Fan Gyhirych is accessible from a couple of different directions. I parked up near Cray Reservoir and walked north along the main road a little way before taking the first road on the right, a gently ascending country lane. This leads you to a private gravel road on your right, which is fully accessible to walkers, you can follow this up to quite close to the summit.

Fan Gyhirych
Fan Gyhirych approached from the North. Tamron Adaptall SP 24-48 @ 48mm, f8.

You can turn off the main gravel track – as I did – and walk a small track on the edge of the ridge up – which eventually joins up with the wider and more established South Wales Traverse track.

Fan Gyhirych
You can get off the track and walk along the edge of the ridge up. Tamron Adaptall SP 24-48 @ 24mm, f8.

The views on the ascent are really clear and impressive as you see the steepest side of it and how it sits amongst the surrounding peaks, often walks towards a summit don’t give you the chance to capture the whole mountain easily.

Cray Reservoir
As you ascend you get nice views over Cray reservoir. Tamron Adaptall SP 24-48 @ 24mm, f8.
I was lucky enough to get some changing weather conditions, the bright blue skies and light clouds replaced with a snowstorm on the way up. Tamron Adaptall SP 24-48 @ 35mm, f8.

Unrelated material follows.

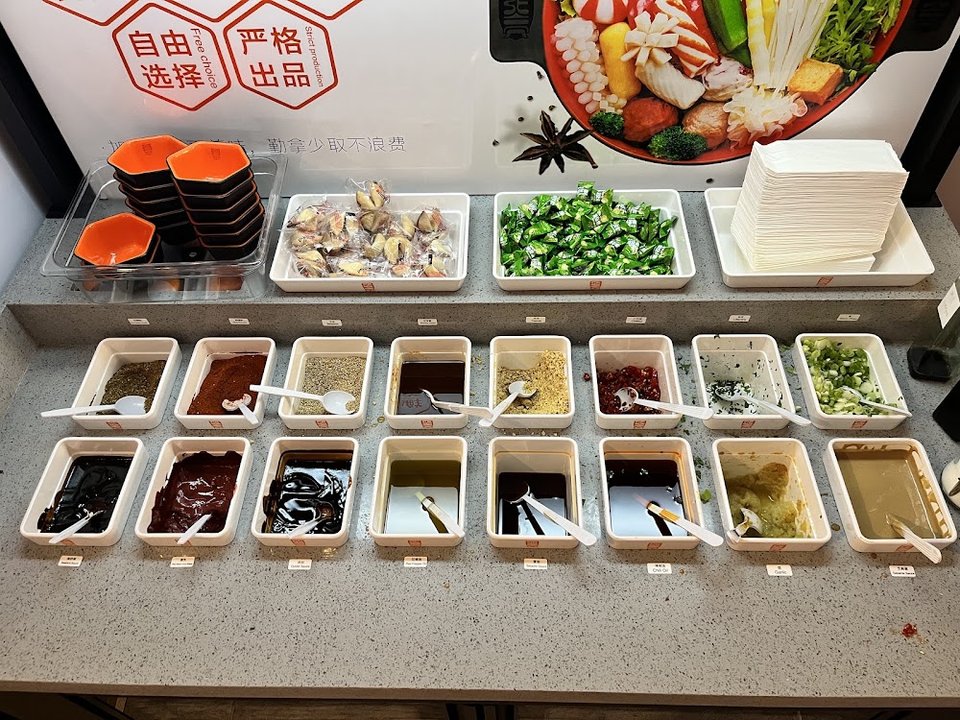 Restaurant menu showing customizable spicy broth dishes.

Looking to the right you also get great views of another range of six mountains that are on my to-do list.

Tail end of the storm
A range of six mountains are West of Fan Gyhirych and very much on the to-do list. Tamron Adaptall SP 24-48mm @ 35mm, f8.

Once you are near the summit the path opens up and going is very smooth and easy towards another trig point that is painted white, but rather than a red Welsh Dragon it has Cofiwch Dryweryn written on it. This means Remember Tryweryn, and was originally painted by Author and journalist Meic Stephens onto the wall of a ruined cottage in the early 1960s following the decision by Liverpool City Council to flood the Tryweryn Valley to create the Llyn Celyn reservoir. It has since become a slogan of Welsh Nationalism.

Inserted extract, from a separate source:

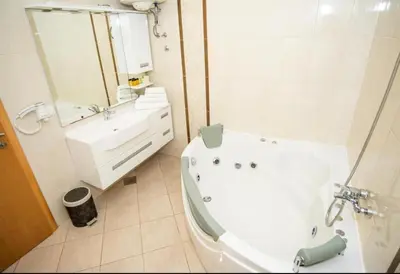 a white bathroom with a tub and a sink at Apartmani i sobe Centar Bugojno in Bugojno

Look carefully and you will spot two walkers near the summit. This mountain was actually more popular than expected. Tamron Adaptall SP 24-48 @ 24mm, f8.
Fan Gyhirych
View to the six mountains. Tamron Adaptall SP 24-48 @ 48mm, f11.

I saw one couple, pictured above, walking ahead of me to the summit, but after my descent and as I approached the neighbouring Fan Fraith I saw a couple of groups approaching from the South. It was certainly not busy, but busier than I expected, it was great to see others enjoying a cold, but beautiful day.

The view from Fan Gyhirych
The view South. Tamron Adaptall SP 24-48 @ 48mm, f8.
Fan Gyhirych, view to Pen y Fan
Some snow in the grass as you look towards Pen y Fan. Tamron Adaptall SP 24-48 @ 48mm, f8.
Wide View
The views are well worth the walk up. Tamron Adaptall SP 24-48 @ 24mm, f11.

You can walk back to the starting point by reversing your steps exactly, or you can drop down and take the gravel track all of the way. According to the OS Map you can take the South Wales Traverse down the West side and back to the road that way. This would be the shortest way up and down, but a lot steeper.

I had already planned to continue on to Fan Fraith as it is very close by, and then swing around to Fan Nedd, before heading back to the car via the gravel road. I’d really recommend this loop as it is under 12 miles total but takes in three mountains without any massive drops – although you do dip before Fan Nedd.